La vera sfida del continente africano per gli anni a venire sarà la capacità di assicurare energia elettrica pulita a tutta la popolazione. Di sicuro, l’Africa sta impostando il proprio orizzonte energetico lontano dal fossile. Ma capitalizzare il potenziale del gas naturale e soprattutto delle rinnovabili significa anche rimediare ad una rete spesso inadeguata, sia per capacità che per estensione.

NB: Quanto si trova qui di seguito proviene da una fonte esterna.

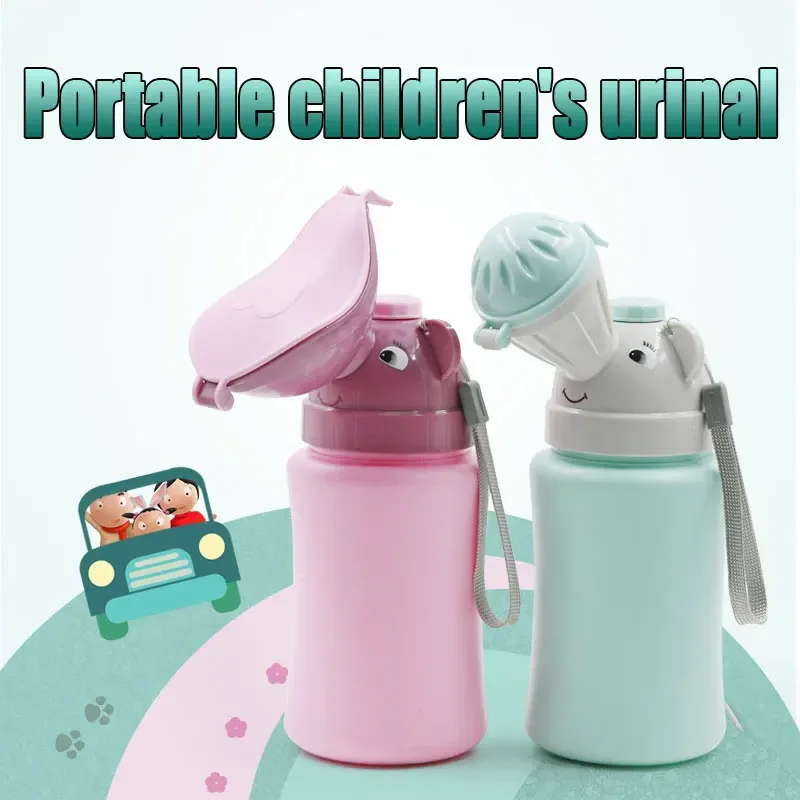 Children's Urinal Baby Urinal Car Mounted Portable Male and Female Urine Collection Device Travel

Un’integrazione transnazionale nella generazione di energia, unita a miglioramenti locali nella gestione della rete elettrica riuscirebbe a portare energia sicura e a basso costo a tutta la popolazione. L’intero continente, al momento, è lontano dall’efficienza energetica richiesta – sia negli usi quotidiani che nei processi industriali – e l’ottimizzazione delle ampie risorse disponibili è imprescindibile per sostenere uno sviluppo armonioso.